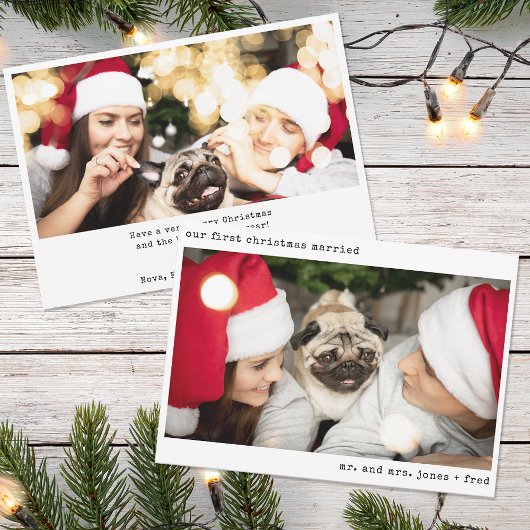 ミニマル写真新婚たった今結婚しましたクリスマス シーズンカード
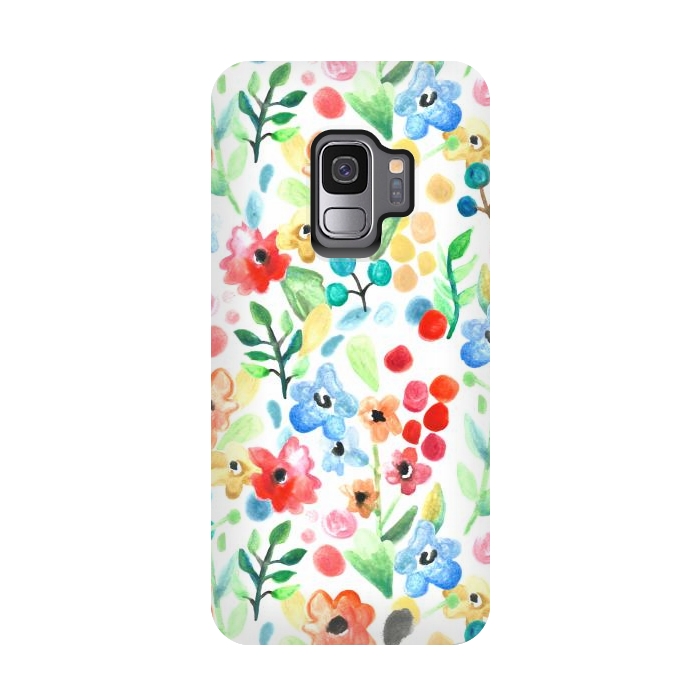 Galaxy S9 StrongFit Flourish - Watercolour Floral by Tangerine-Tane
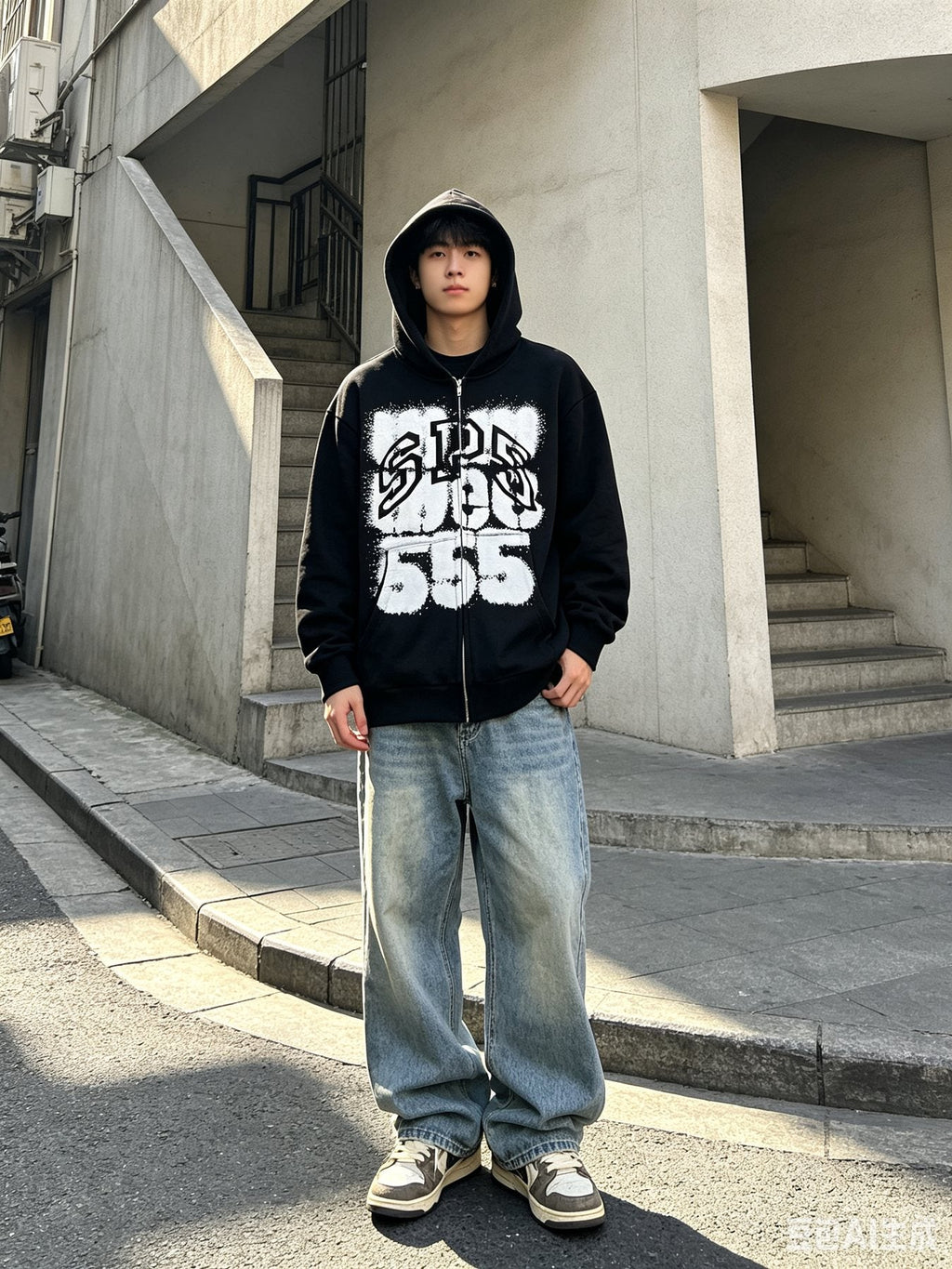 Sp5der Distressed Front Graphic Zip-Up Hoodie — context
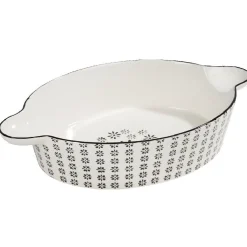 Plat à four blanc et noir Jaya bohème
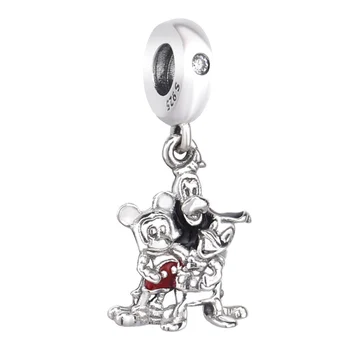 

New 925 Sterling Silver Bead Charm Mickey Goofy Dingo Donald Friends Pendant Beads Fit Pandora Bracelet Bangle Diy Jewelry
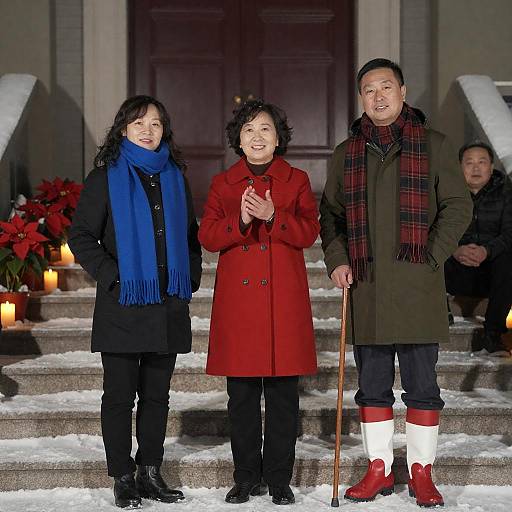 Joyful Gathering on Snowy Steps at Night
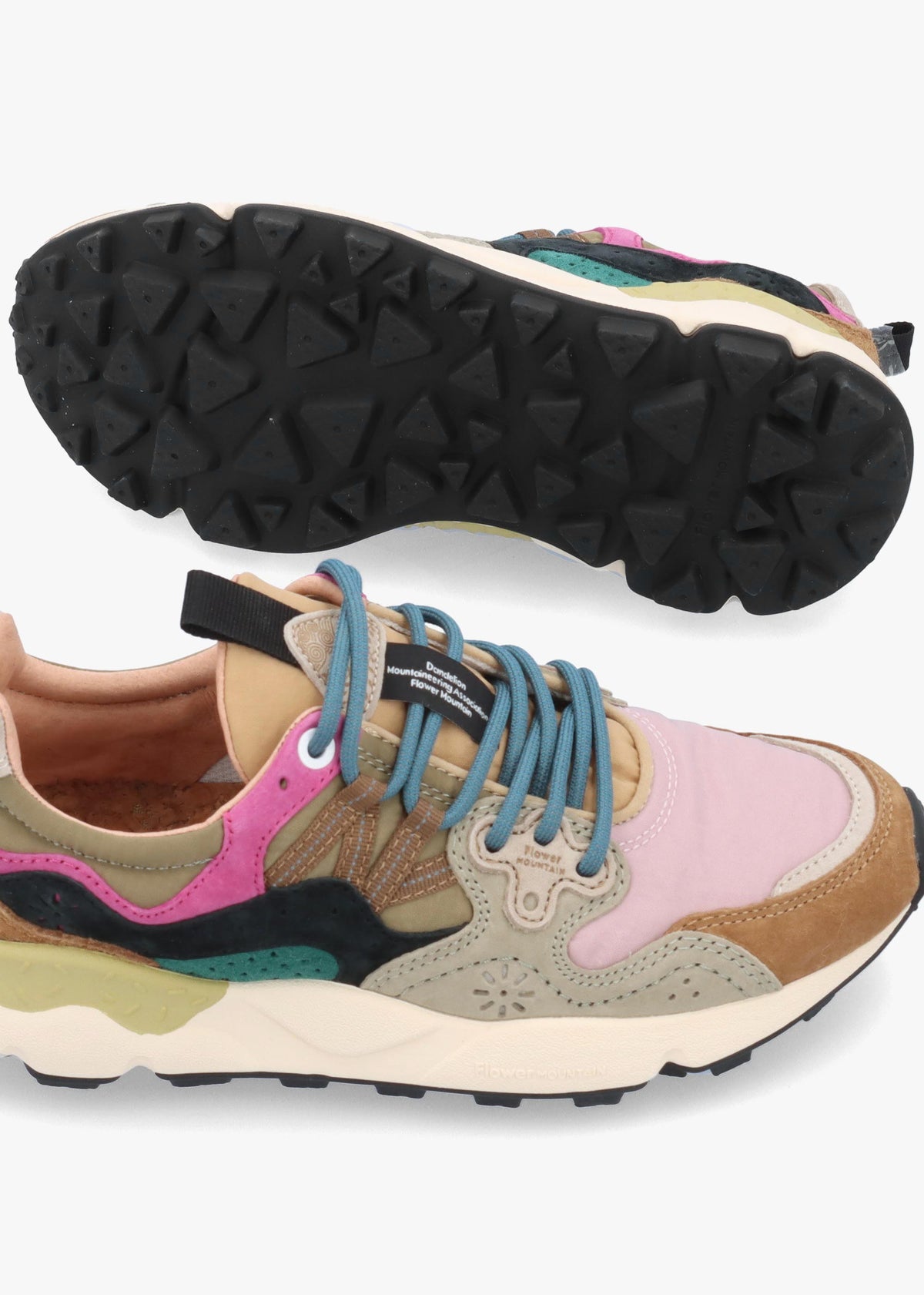 Flower Mountain Yamano 3 Light Brown Rose Taupe Suede & Nylon Trainers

********

*EXERCISE BRIEF*. Leaving out every picture, extract verbatim the lines from the one containing "Galaxy S9 StrongFit" through the last line of the listing, inclusive.

*WRITTEN ANSWER*.
 Galaxy S9 StrongFit Flourish - Watercolour Floral by Tangerine-Tane
 Sp5der Distressed Front Graphic Zip-Up Hoodie — context
 Plat à four blanc et noir Jaya bohème

New 925 Sterling Silver Bead Charm Mickey Goofy Dingo Donald Friends Pendant Beads Fit Pandora Bracelet Bangle Diy Jewelry
 Joyful Gathering on Snowy Steps at Night
 Flower Mountain Yamano 3 Light Brown Rose Taupe Suede & Nylon Trainers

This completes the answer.